Notwithstanding the advancements in accuracy and reaction time developed over the years, some drawbacks still exist. These challenges range from the data collection and labeling to the algorithm’s dynamic adaptation to changes in the system.

In a production line, all the equipment produces data that can be analyzed. The issue arises in the labeling process, in other words, assigning a label to data indicating its status or condition. This drawback worsens when there is no intelligent system classifying the condition of the tool or machine. The failure appears during the quality inspection process, which occurs almost at the end of the production cycle. At this moment, it is difficult to determine when the tool started to fail.
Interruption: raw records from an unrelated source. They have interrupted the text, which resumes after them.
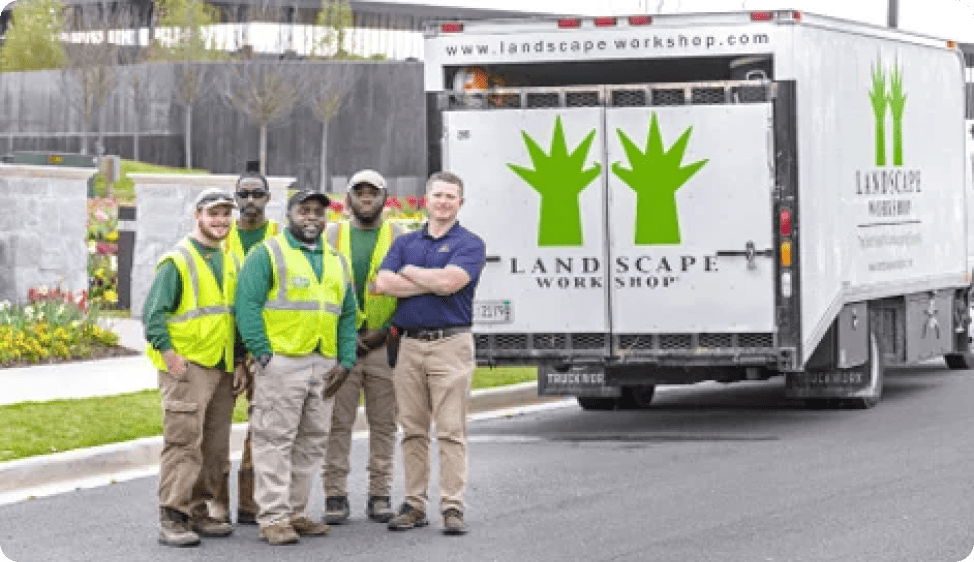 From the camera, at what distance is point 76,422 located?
15.0 metres

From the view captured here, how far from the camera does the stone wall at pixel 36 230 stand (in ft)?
76.6

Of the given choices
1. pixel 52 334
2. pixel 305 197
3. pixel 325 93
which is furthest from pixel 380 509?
pixel 325 93

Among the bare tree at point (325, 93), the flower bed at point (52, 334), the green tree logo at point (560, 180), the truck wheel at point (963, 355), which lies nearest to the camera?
the green tree logo at point (560, 180)

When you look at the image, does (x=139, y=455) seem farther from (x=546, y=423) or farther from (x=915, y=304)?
(x=915, y=304)

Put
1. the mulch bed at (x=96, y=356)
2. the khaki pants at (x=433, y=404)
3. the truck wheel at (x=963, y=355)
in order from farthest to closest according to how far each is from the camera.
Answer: the truck wheel at (x=963, y=355) → the mulch bed at (x=96, y=356) → the khaki pants at (x=433, y=404)

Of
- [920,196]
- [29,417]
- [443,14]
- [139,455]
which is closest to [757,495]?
[139,455]

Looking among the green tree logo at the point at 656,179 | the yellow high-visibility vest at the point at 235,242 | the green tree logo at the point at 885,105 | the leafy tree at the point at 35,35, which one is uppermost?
the leafy tree at the point at 35,35

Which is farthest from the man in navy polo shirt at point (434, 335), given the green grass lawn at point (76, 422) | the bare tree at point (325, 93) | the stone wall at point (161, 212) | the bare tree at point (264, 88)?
the bare tree at point (325, 93)

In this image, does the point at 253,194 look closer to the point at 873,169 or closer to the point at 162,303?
the point at 162,303

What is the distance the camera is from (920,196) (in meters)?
18.7

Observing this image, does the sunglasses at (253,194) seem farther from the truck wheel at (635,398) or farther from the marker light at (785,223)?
the truck wheel at (635,398)

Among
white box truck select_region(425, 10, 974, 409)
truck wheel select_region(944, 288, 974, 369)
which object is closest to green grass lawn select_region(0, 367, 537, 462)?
white box truck select_region(425, 10, 974, 409)

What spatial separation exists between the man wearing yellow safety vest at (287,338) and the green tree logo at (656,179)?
15.9 feet

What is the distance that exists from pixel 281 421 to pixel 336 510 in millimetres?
896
For cases like the one above explained, researchers are improving their unsupervised learning methods to detect and predict relevant changes in the data over time. Clustering algorithms are already known (K-Mean, Self-Organizing Map, Auto-Encoders...), and their role in the final solution became a mandatory pre-processing process before classification or regression tasks.

Another challenging problem is the changes in the system conditions over time. Production lines are dynamic systems based on the market; industries modify their products according to new clients to target and reduce production costs. Those changes might affect the products’ material and shape, dramatically affecting the data collected for the classification. For those cases, the system will attempt to classify data for which it was not developed. Self-Adaptive systems are used for those scenarios where the system can adapt its parameters over time; nevertheless, these algorithms are still in development due to the number of variations, the complexity of the tasks, and the targets to aim for.